Melek Yaprak
Die Träne im Auge des Betrachters
Aktualisiert: 27. Mai 2021
Es kann sich nur um Jahre handeln, bis mein Buch „Rampensau und feiges Huhn auf Reisen“ fertig ist. Es geht um das Thema Dates, aber diesmal nicht mit Männern, sondern mit der Welt. Meloschkis Reiseabenteuer. Befremdlich unterhaltsame Geschichten zusammengefasst in einem Buch. Noch nie war mein Reisebedürfnis so stark wie jetzt, deswegen ziehe ich hier ein paar Kapitel vor.

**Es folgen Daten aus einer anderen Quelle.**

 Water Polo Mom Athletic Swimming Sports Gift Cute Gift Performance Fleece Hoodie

Früher war Reisen mal selbstverständlich. Jede Reise begann bereits aufregend beim Einstieg in eine Boeing. Langstreckenflug. Man wusste, man würde nach Einnahme einer Valium-Tablette (die man bei der letzten Reise durch Bangkok in einer zwielichtigen Apotheke gekauft hatte) in einem fernen, ganz anderen Land aufwachen. Wow!

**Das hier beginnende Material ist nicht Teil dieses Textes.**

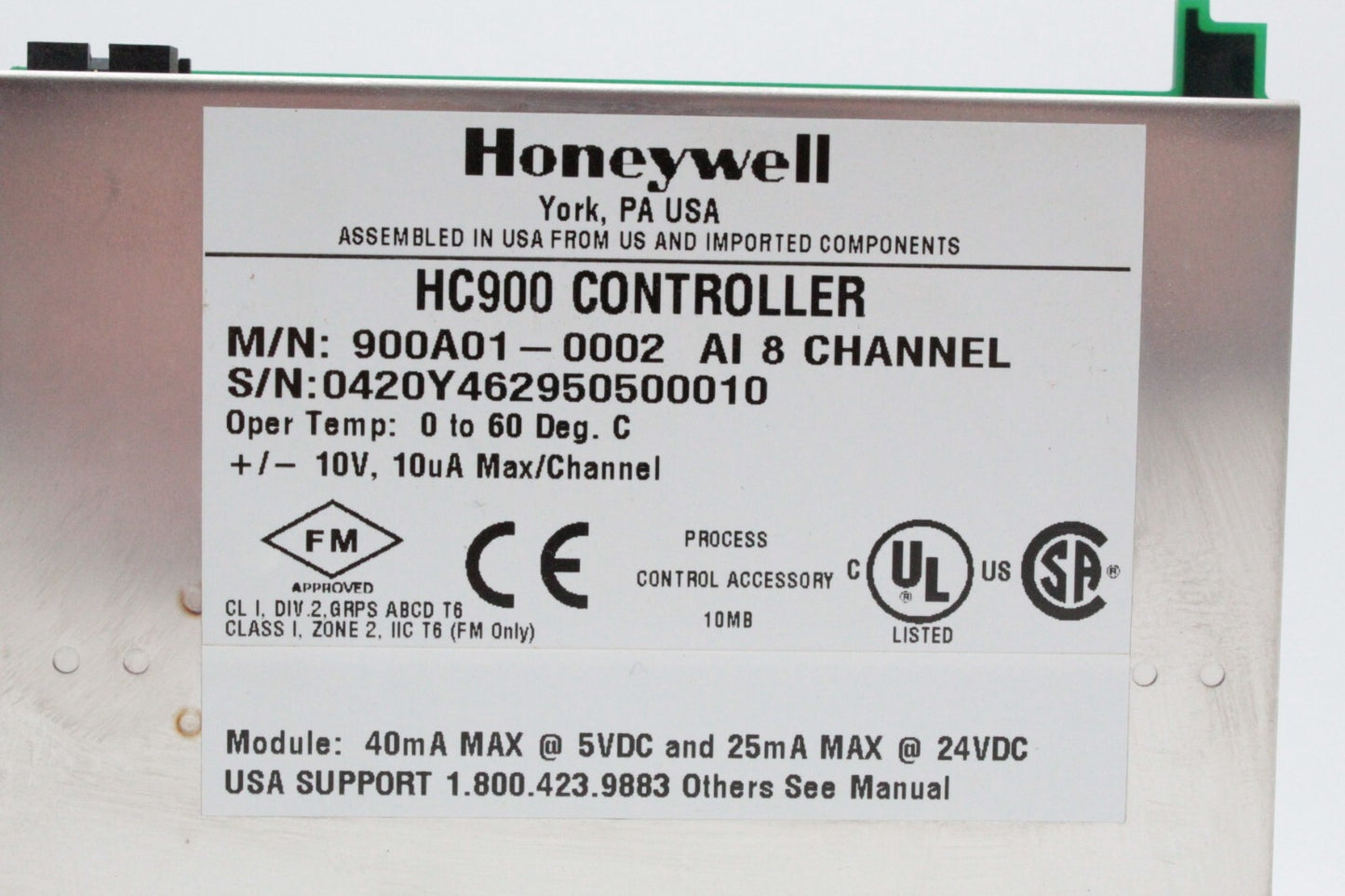 Honeywell 900A01-0002 8-Channel Analog Input Module (No Door)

Bei der Durchsicht meiner Fotos fiel mir auf: Auf jedem war ich lachend zu sehen. Alle Aufnahmen zeugten von glücklichen Momenten. Als die Zeit von YouTube und Instagram kam, füllte ich artig meinen Reiseblog mit Aufnahmen der schönsten Spots und den hübschesten Menschen der Welt.

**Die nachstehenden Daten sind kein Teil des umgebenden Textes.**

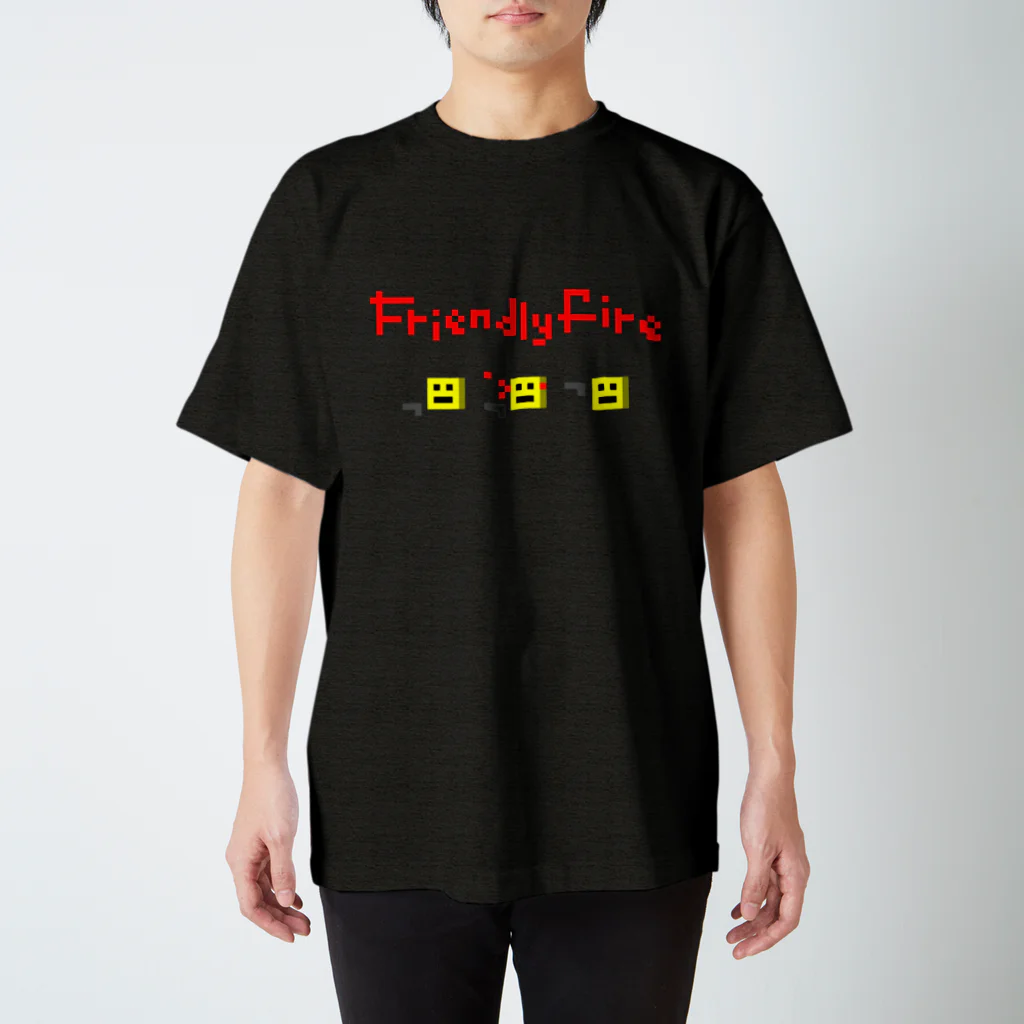 EASELのFriendly Fire（ドット） スタンダードTシャツ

Moment mal... Ich bin durch 25 Länder gereist. Es gab doch auch Momente, die richtig beschissen waren. Wo ich erbärmlich geheult habe. Wo Tränen geflossen sind, auf Pässe, auf Flughafensitze, in Taxis, ja ich erinnere mich sogar an eine Situation in Bangkok auf der furchtbaren Khao San Road, wo ich dem verblüfften Tuk-Tuk Fahrer schlosshundheulend in dem Armen lag.
Warum gab es keine Fotos davon?!
Ich sag Euch warum: Erstens, man hat in diesem Moment sicherlich weitaus schwerwiegendere Probleme, als seine verheulte Fresse in ein Selfie zu halten.
Zweitens - und das ist eigentlich der echte, traurige Grund: Verwundbarkeit ist nicht IN. Es bringt keine Follower. Wer will das schon sehen? Warum entblößen? Warum Schwäche zeigen? Warum sich in der Verletzbarkeit mit der tiefsten Wunde öffentlich zur Schau stellen? Hier die Gegenfrage: Warum nicht?
Die tendenziell eher negative Bewertung der archetypische Ausdrucksweise des Weinens ist messbar an den deutschen Synonymen: heulen, flennen, plärren und jammern. Alles net sexy.
Ich z. B. weiß genau, wann meine Tränen fließen: In jeglichen Gotteshäusern dieser Welt, vor Maria Statuen, wenn ich ein Neugeborenes in der Hand halte und ganz bitter bei einem gebrochenem Herzen.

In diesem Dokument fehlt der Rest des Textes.